Intervew: Brittany Heenan, Invisible Children

On April 25th, 2009, Invisible Children held The Rescue all over the world (100 cities across 10 countries). The event garnered significant media attention to raise awareness about child soldiers in Uganda. Invisible Children started in 2003 in response to the abducting of children in Uganda who are then enslaved and used as soldiers. I interviewed Brittany Heenan about her experience participating in The Rescue. Brittany is a student at the University of Missouri who is actively involved with Invisible Children and anti-trafficking work.

JK: Can you describe your experiences with the Rescue in your own words?

BH: On April 25th, I drove to St. Louis, MO and met up with 500 others to sleep under the Arch. We waited and waited. We called political leaders like Claire McCaskill. We left notes at the front desk of Taylor Swift's hotel. We made signs and caught the attention of the media. Finally on Sunday we were lucky enough to be rescued by St. Louis Rams football player, Chris Chamberlain.

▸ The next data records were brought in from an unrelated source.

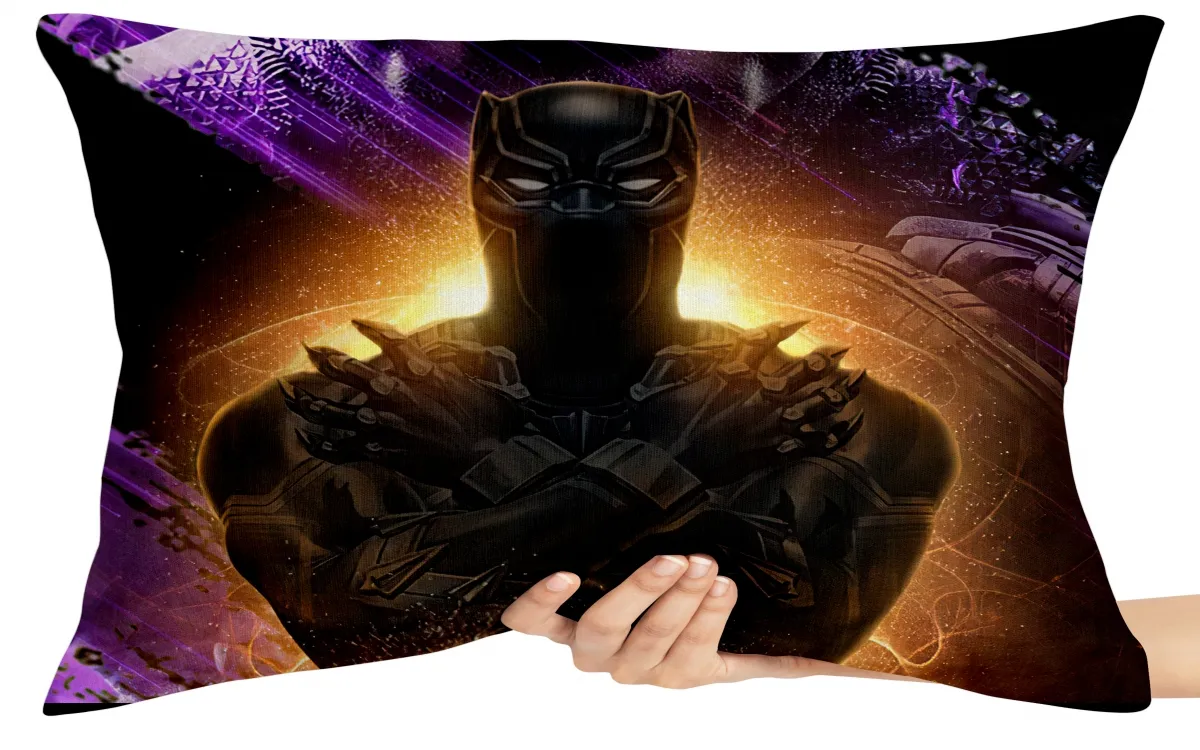 Capa de Almofada ou Travesseiro Pantera Negra armadura Imagem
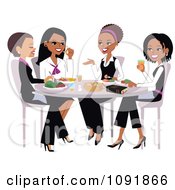 Christian Women Talking And Eating Lunch With A Bible On The Table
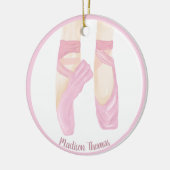 Roze persoonlijke ballettenschoenen keramisch ornament (Links)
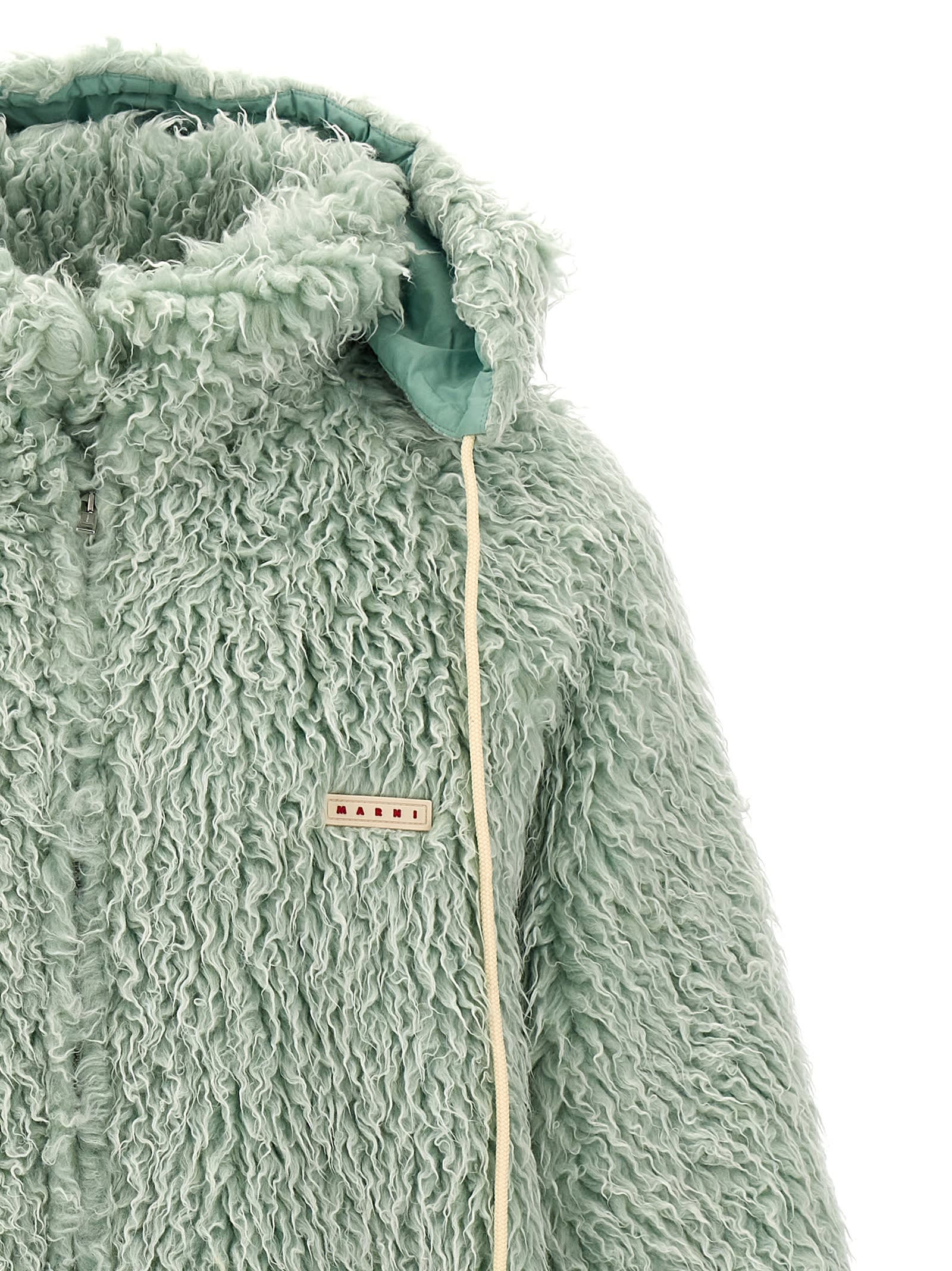 Shop Marni Long Pile Shaggy Hooded Jacket In Green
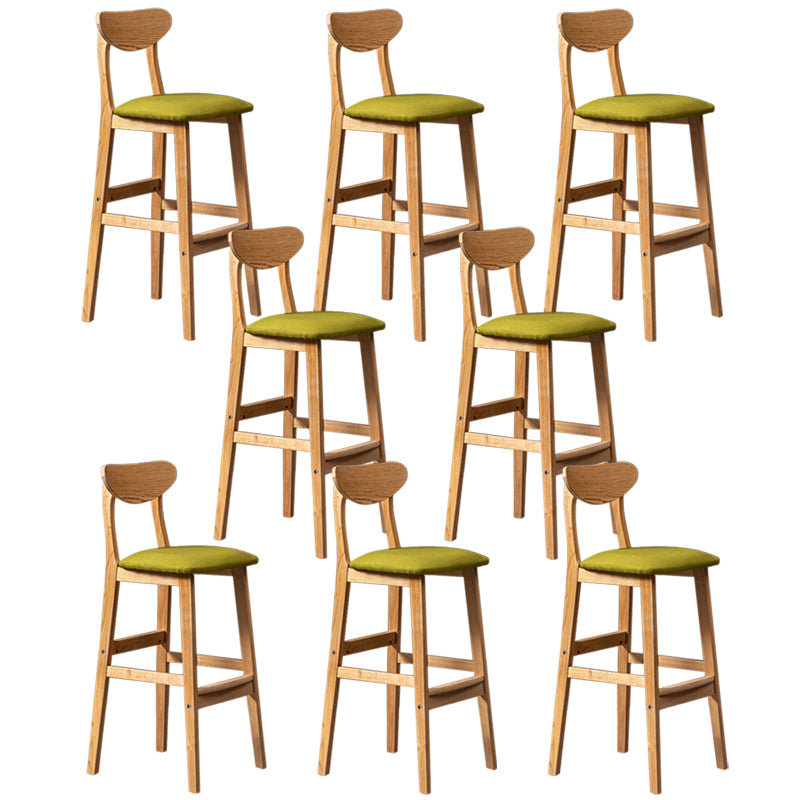 Modern Rubberwood Indoor Bar Stools Natural Finish with Backrest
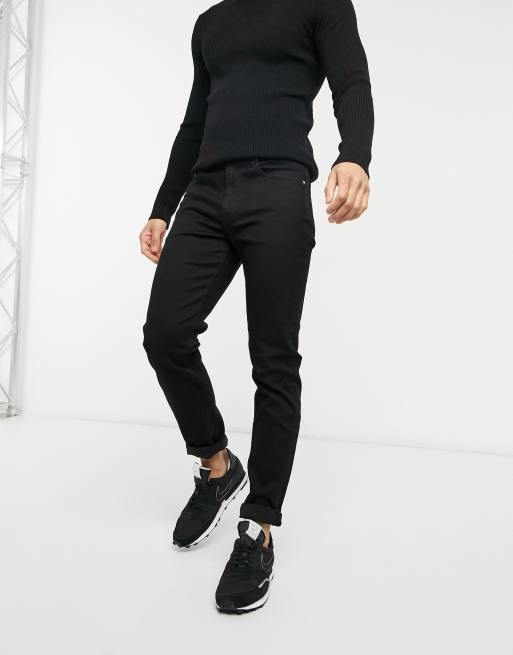 Calvin klein slim hot sale straight black jeans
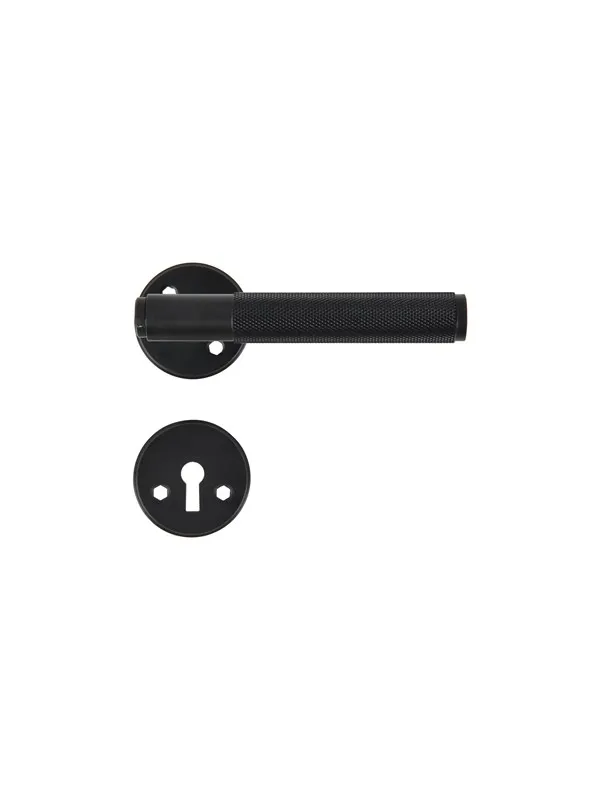 Home>it door handle knurled 19 mm. matt black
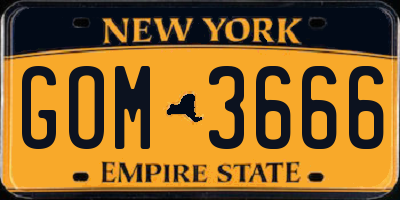 NY license plate GOM3666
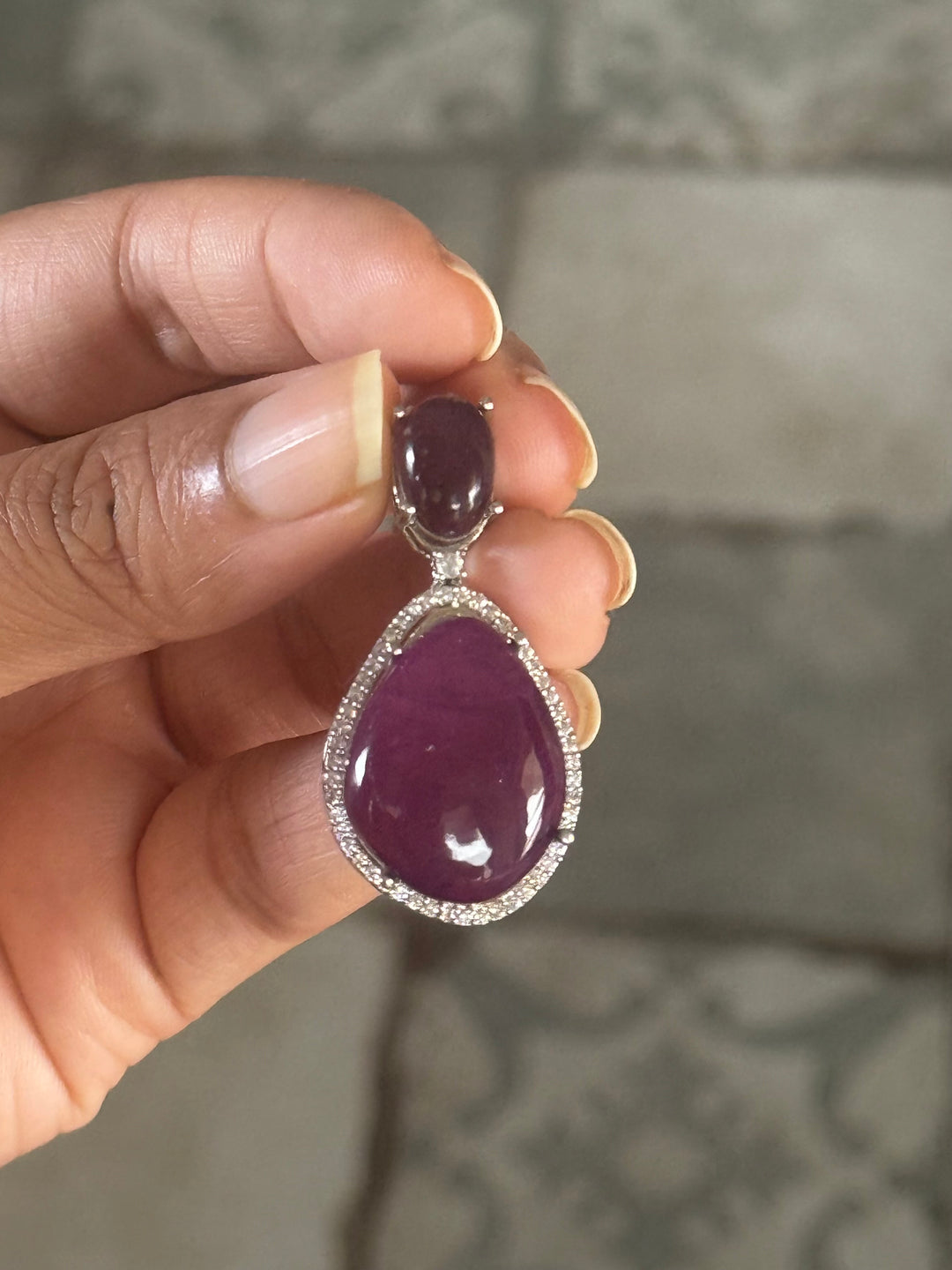 Handmade Designer CZ Necklace Set | Silver Polish | SHIVKA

Immediately, a caravan of devoted Rescue Riders rode to Wichita, KS to wait to be rescued. Finally, over 500 people met at the last city: Chicago, IL. 6 days after abducting ourselves, we choreographed a song and dance to perform outside of Oprah's studio. By this point we were going to be picky. We would not settle for anyone but Oprah or Obama to rescue us.

On the morning of the 7th day of being abducted, we headed back to Oprah's studio at 3:00am. Around 5:00am we surrounded her studio, shoulder to shoulder with peace signs in the air. She drove up and invited the three founders of Invisible Children inside to talk about what was going on. She agreed to give us a spot on her show. Friday, May 1 at 9:00am we were finally rescued!

JK: What did you learn from this experience?

BH: I learned that not everyone is going to understand the point of raising awareness. I learned that getting people involved is not as easy as it seems. But I learned that it doesn't hurt to try to inform these people of the atrocities going on in other countries.

JK: What did you take away from participating in the Rescue?

BH: This was a life altering experience. I realized that "a bunch of kids" just got Oprah's attention. Which means we have finally reached the hearts of America. This was a huge step towards freeing these enslaved children.

JK: What motivated you to participate in the Rescue?

BH: Children all over the world are being forced to do things they don't and shouldn't want to do. I can't imagine me at 8 years old carrying around an AK-47. I hated guns when I was 8. I played with Barbies. Why should a child not be allowed to live the life of a child? I've come to realize that I can change this. Me.